— Problem requirements —
The data below holds a line containing "WOWN_Kenya's tweet photo." and a line containing "#FrontlineEndFgm https://t.co/sPjtwUkQSf"; please quote exactly those two lines and every line between them, and nothing else.

— Given records —
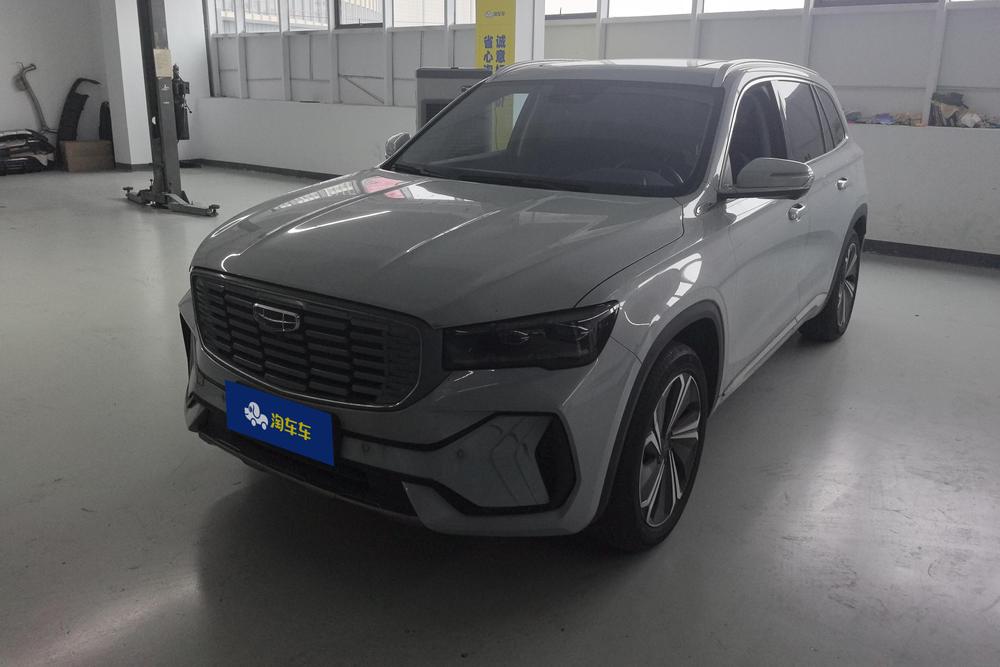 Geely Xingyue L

---

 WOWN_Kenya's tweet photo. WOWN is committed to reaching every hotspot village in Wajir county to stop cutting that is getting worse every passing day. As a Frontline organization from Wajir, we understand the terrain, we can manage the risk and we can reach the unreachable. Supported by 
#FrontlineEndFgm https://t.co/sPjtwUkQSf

— Finished exercise —
 WOWN_Kenya's tweet photo. WOWN is committed to reaching every hotspot village in Wajir county to stop cutting that is getting worse every passing day. As a Frontline organization from Wajir, we understand the terrain, we can manage the risk and we can reach the unreachable. Supported by 
#FrontlineEndFgm https://t.co/sPjtwUkQSf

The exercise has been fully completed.